“Ti cerco, ti trovo”, l’albo giocoso di Anthony Browne

“Ti cerco, ti trovo”, l’albo giocoso di Anthony Browne

di Luca Ganzerla

Ti cerco, ti trovo è l’ultimo atto di una carriera, quella di Anthony Browne, iniziata nell’ormai lontano 1976. Un percorso lungo, molto personale, fatto di sperimentazioni, di un raccontare per immagini e parole, albo dopo albo, divenuto inconfondibile nel panorama internazionale. Prolifico, sia come autore globale (parte verbale e iconica) sia come “semplice” illustratore, Browne si è rivelato di rado scontato, quasi mai prigioniero di se stesso, incline a mettersi in discussione, restando però fedele a quel percorso artistico e narrativo avviato ormai oltre quarant’anni fa.

E in questo albo, tracce di quel lungo percorso le ritroviamo pressoché ovunque.

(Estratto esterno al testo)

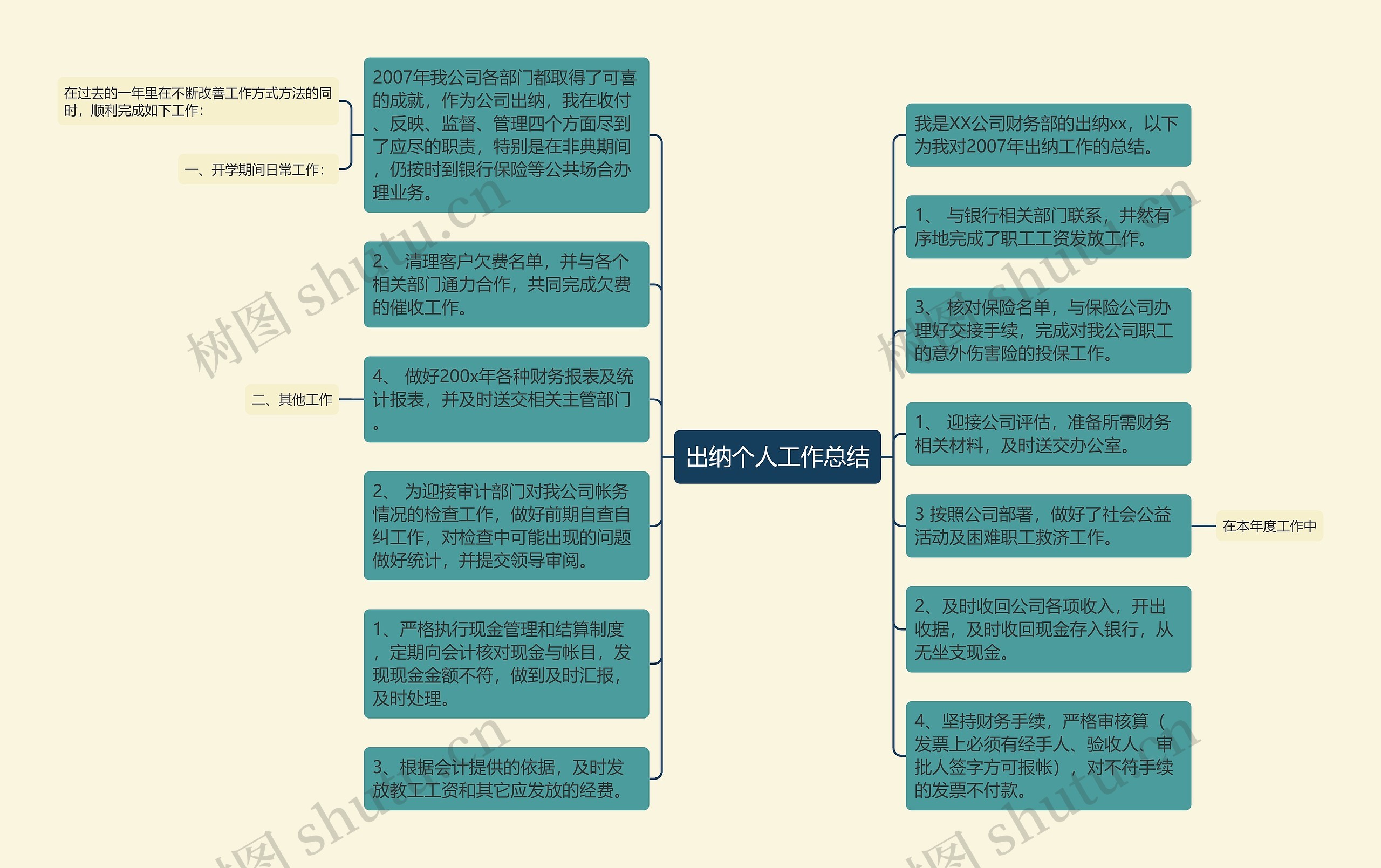 出纳个人工作总结思维导图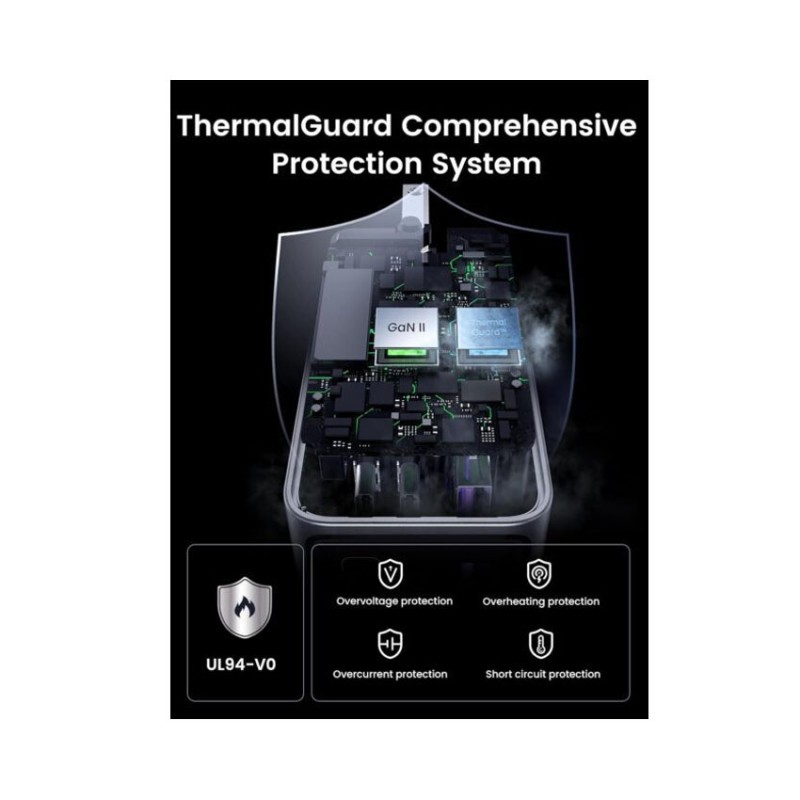 Củ sạc nhanh đa cổng GaN Nexode 100W Ugreen 25873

Ti cerco, ti trovo si presenta sin dal primo incontro albo giocoso a più livelli. È giocoso a partire dal fatto che tutta la storia è incentrata sul gioco di due bambini (“nascondino”) sino ai giochi percettivi messi in scena da Browne attraverso le radici, i tronchi e i rami degli alberi. Quegli alberi, quel bosco che, sin dalla sua personalissima versione di Hansel e Gretel (1981) sono territorio preferenziale di Browne per giocare con le ambiguità generate dalla realtà quando la elaboriamo affidandoci solo alla vista. L’artista inglese sviluppa e assorbe qui la lezione che già fu di Magritte, pittore belga che storicamente costituisce uno dei suoi grandi “maestri”. E non ci sono dubbi: dopo un albo di Browne non riuscirete più a guardare gli alberi, in particolare le venature dei tronchi, allo stesso modo.

Ma, Ti cerco, ti trovo, è innanzitutto una storia costruita con sapienza e maestria, giocata su una tensione narrativa alimentata dal gioco del punto di vista (ecco, appunto, ancora il gioco).

Una cane che non torna più a casa, due bambini annoiati che giocano a nascondino nel bosco, un gioco che all’improvviso scappa di mano, l’alternanza dei loro sguardi (e pensieri) prima preoccupati, poi spaventati e infine atterriti. Una tensione narrativa che cresce fino all’happy-end finale. Intorno un bosco disseminato di sorprendenti “visioni impertinenti” (un coccodrillo, volti umani urlanti, una tromba, una giraffa, ecc.) che richiedono riletture su riletture per essere “avvistate”, in una sorta di “caccia agli oggetti mimetizzati”, anzi immersi e disseminati nel paesaggio.

La maestria nel costruire un albo illustrato di Browne la si coglie anche nel sorprendente finale. Qualcosa che non ti aspetti. Qualcosa su cui riflettere. Qualcosa da cui ripartire per “rileggere” su un altro livello – più profondo e meditato – l’intera storia.